**Exercise brief**
Everything from the line holding "Sound下载-Sound Particles Density(多层声音效果器)" through the final line of the entries below is to be written out exactly, and nothing more; leave out pictures.

**Source information**
----------------------------------------

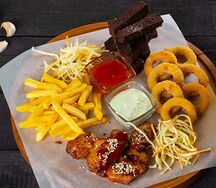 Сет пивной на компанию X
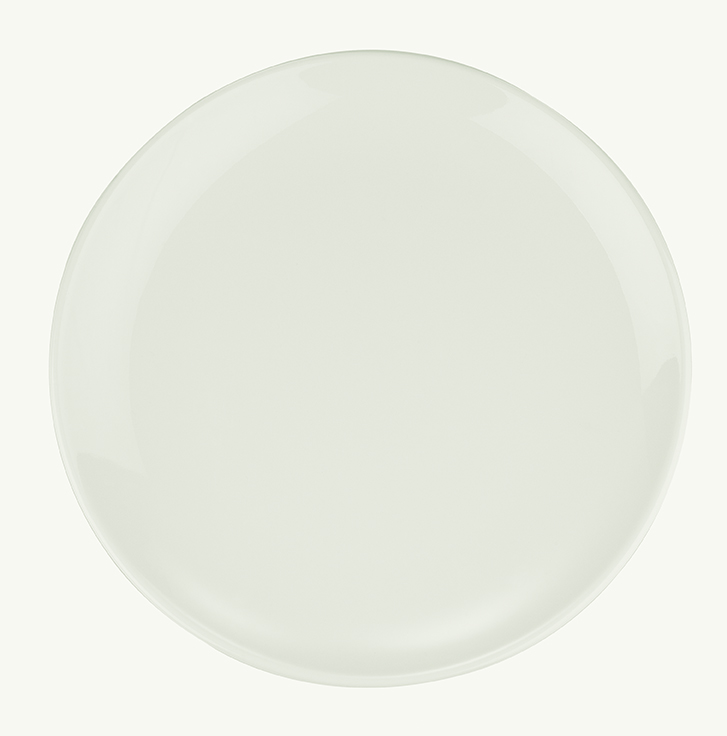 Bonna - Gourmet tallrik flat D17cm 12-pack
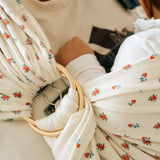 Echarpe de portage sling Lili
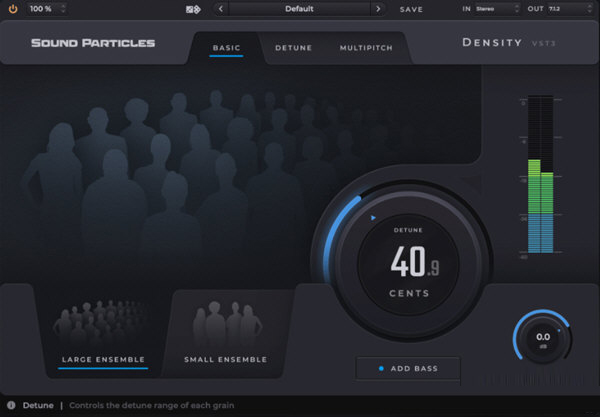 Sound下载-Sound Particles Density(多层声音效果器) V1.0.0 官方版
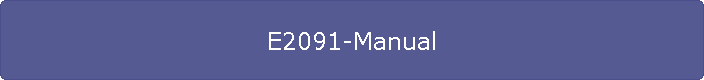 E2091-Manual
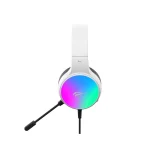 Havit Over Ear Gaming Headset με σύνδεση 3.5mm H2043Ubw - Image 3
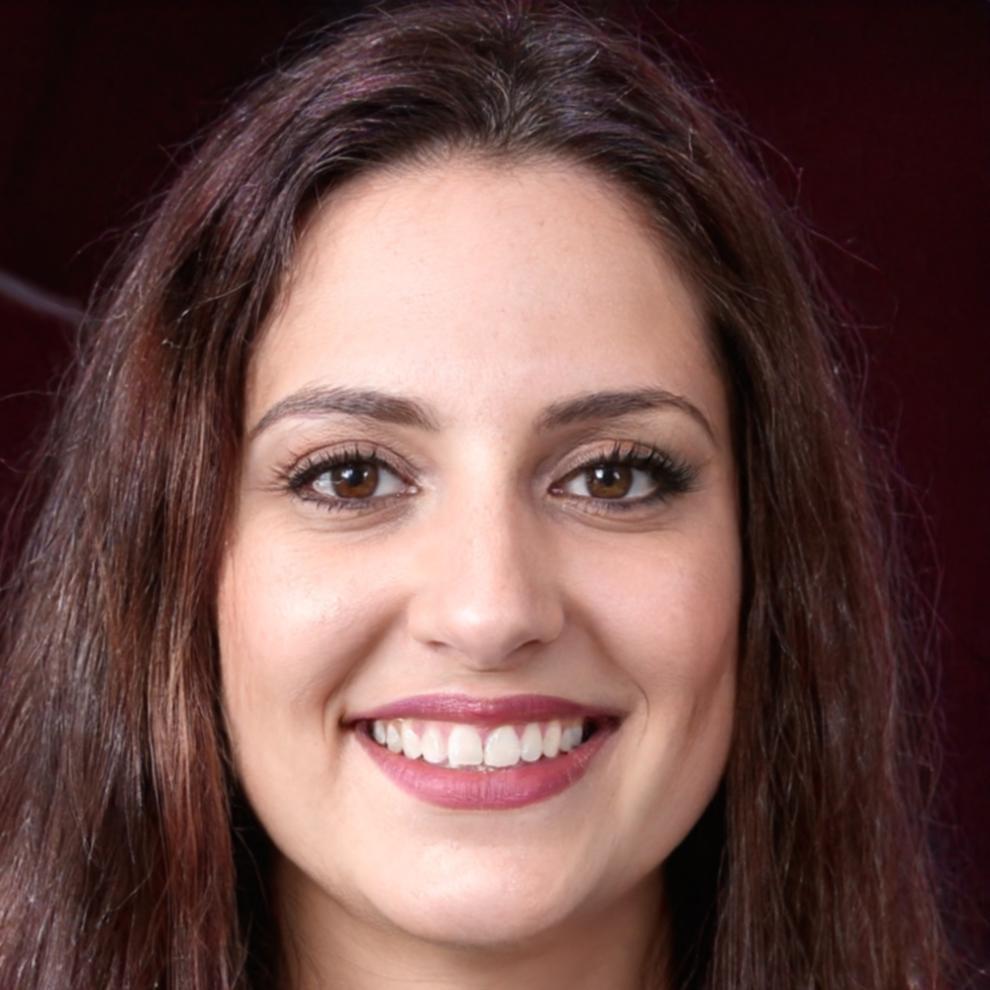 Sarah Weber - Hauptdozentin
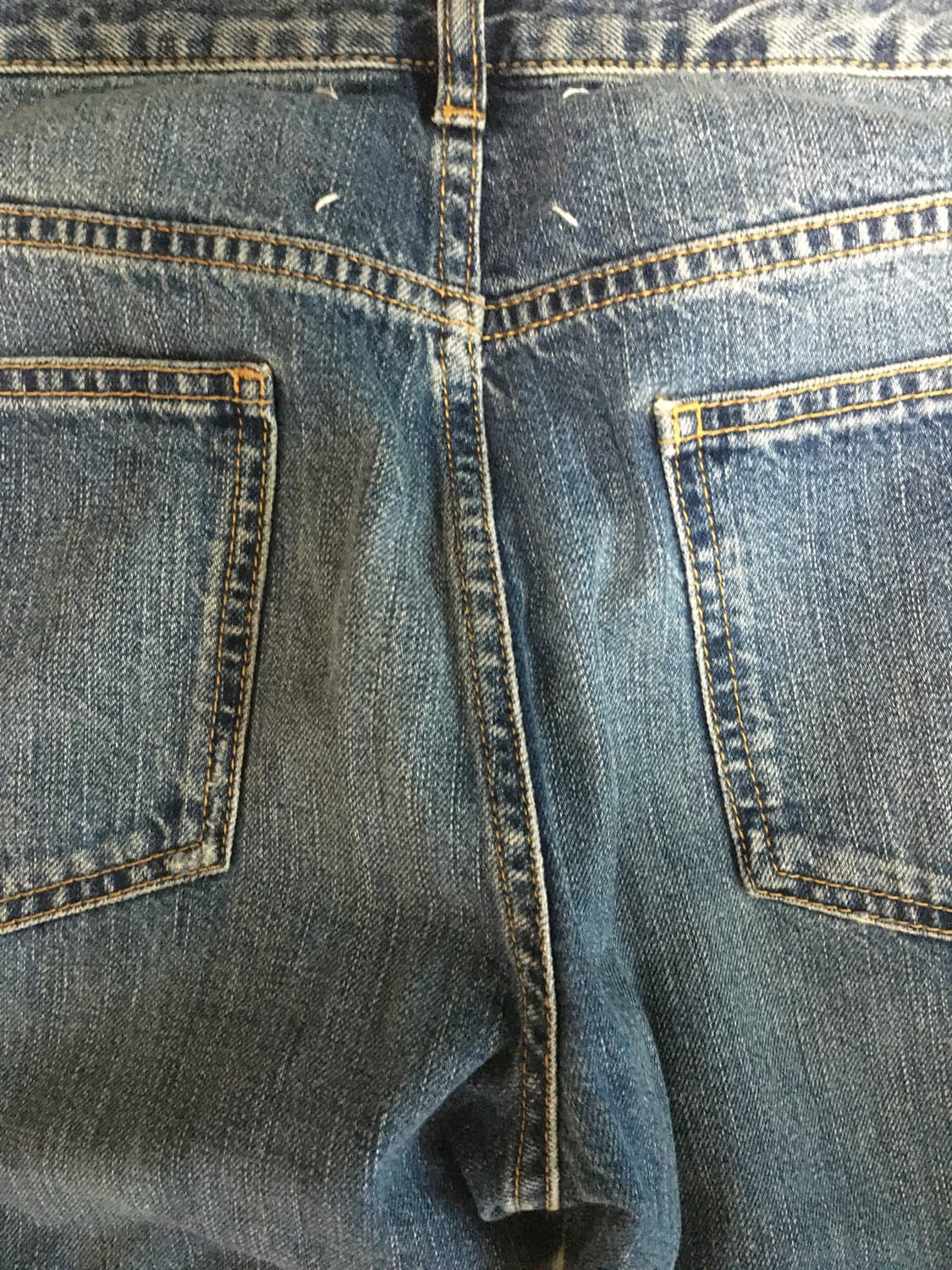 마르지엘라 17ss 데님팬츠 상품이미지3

----------------------------------------

**Solution for this task**
 Sound下载-Sound Particles Density(多层声音效果器) V1.0.0 官方版
 E2091-Manual
 Havit Over Ear Gaming Headset με σύνδεση 3.5mm H2043Ubw - Image 3
 Sarah Weber - Hauptdozentin
 마르지엘라 17ss 데님팬츠 상품이미지3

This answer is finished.